Ghost in the Machine

The rain is pouring and hitting the tin roof with a rhythmic patter as a light rumble of thunder breaks over the red mountain who’s name I still don’t know for some reason.

I slip another savory bite of buttery salmon with a delicate snap of citrus into my mouth and take a sip of the chilled cremant bubbling in my glass.  If a deer or bear walks casually by the window I think I’ll call Disney because this can’t possibly be real life.  (I won’t of course mention the fact I also got a splinter in my foot walking to the kitchen in my socks, they don’t need to know these things.)


I think back to two summers ago when I was just another sweaty Angelino sleeping on a cot in front of a fan suffering through another record setting heat wave in a city where air conditioning is rare.

Here I am now in a sweater watching the rain fall, debating if I should start a small fire in the wood stove, and thinking with all of it’s headaches, spiders, bruised legs, lack of oxygen, and the occasional rodent boarder today at this un-sweaty moment what a delight it all is.


I got a late start this season with so much work travel and non-cabin adventures that I was dreading the list of chores that were piling up.  The biggest one being an actual PILE of wood that had taken over the whole yard and half of the driveway.


Five trees had be downed as falling hazards and not a moment too soon since a couple of them were positioned to freefall directly onto the cabin.  Normally in this case the tree removal company would haul them out and sell them to a lumber company, but being that our cabins were across a historic wooden bridge with a minimum weight load they couldn’t truck them out.

We organized a wood splitting day with our neighbors and an old timer named Cliff who does some handy man work on the cabins in our tract.

In our society of ease and leisure it’s hard to imagine that splitting wood could actually be FUN.  I don’t think the smile left my face for six hours.  I now completely understand why men love power tools.

The smell of the engine oil, the rhythmic hum of the blade chugging up and down, the ripple of my shoulders as I muscled another log into place.  That distinct joy of simple purpose and camaraderie.



I recently had a conversation at a friend’s book signing for a book he wrote about empathy.  We discussed how many people are constantly questioning their existence, their happiness, are they accomplishing enough, are they living their best life.  My theory is that because everything is done for us now and we no longer have to work to just survive like our forefathers did, that this idleness of time has led to our deep questioning of everything.  The simple act of chopping wood and feeling purpose and accomplishment has been lost for our generation.

There was an addictive rhythm to the splitting.   A desire to keep going.  Push harder.  Roll in more logs.  Bigger logs.  An amazing satisfaction to hurling the split logs into the ever growing wood pile.

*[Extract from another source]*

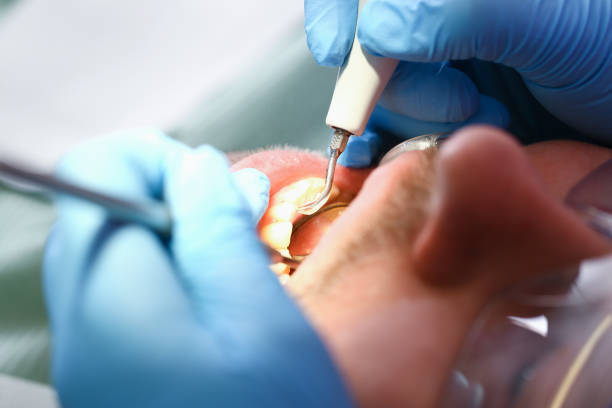 Best Dentist for Dental Trauma  in Schriever, LA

Then the next day the stacking.  (Which is actually a lot more challenging than the splitting. ) We had some spills and thrills.  Bruises everywhere, skinned legs from my habit of throwing myself in front of runaway logs.  But the pain seemed somewhere else.  I was in the zone and it didn’t matter.



My boyfriend likes to sing this little song “Chores, chores, Michelle loves chores…”  And I do!

It quiets the mind.

We have these amazing souls and desire to be something.  Sometimes being something is just being.

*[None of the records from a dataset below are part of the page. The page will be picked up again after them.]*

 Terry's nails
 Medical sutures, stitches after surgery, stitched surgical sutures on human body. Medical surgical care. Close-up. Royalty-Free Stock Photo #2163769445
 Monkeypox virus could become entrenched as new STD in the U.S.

That same boyfriend had the same stupid grin on his face everytime I looked up from the splitter.  He was talking to the old timer about birds and trees, while they shimmied up the biggest logs with a crowbar and rolled them down to the splitting pile where my neighbor Greg and I were manning the machine.

Aren’t we all manning the machine in the end.  The machine of our minds.  Our constantly questioning and searching minds.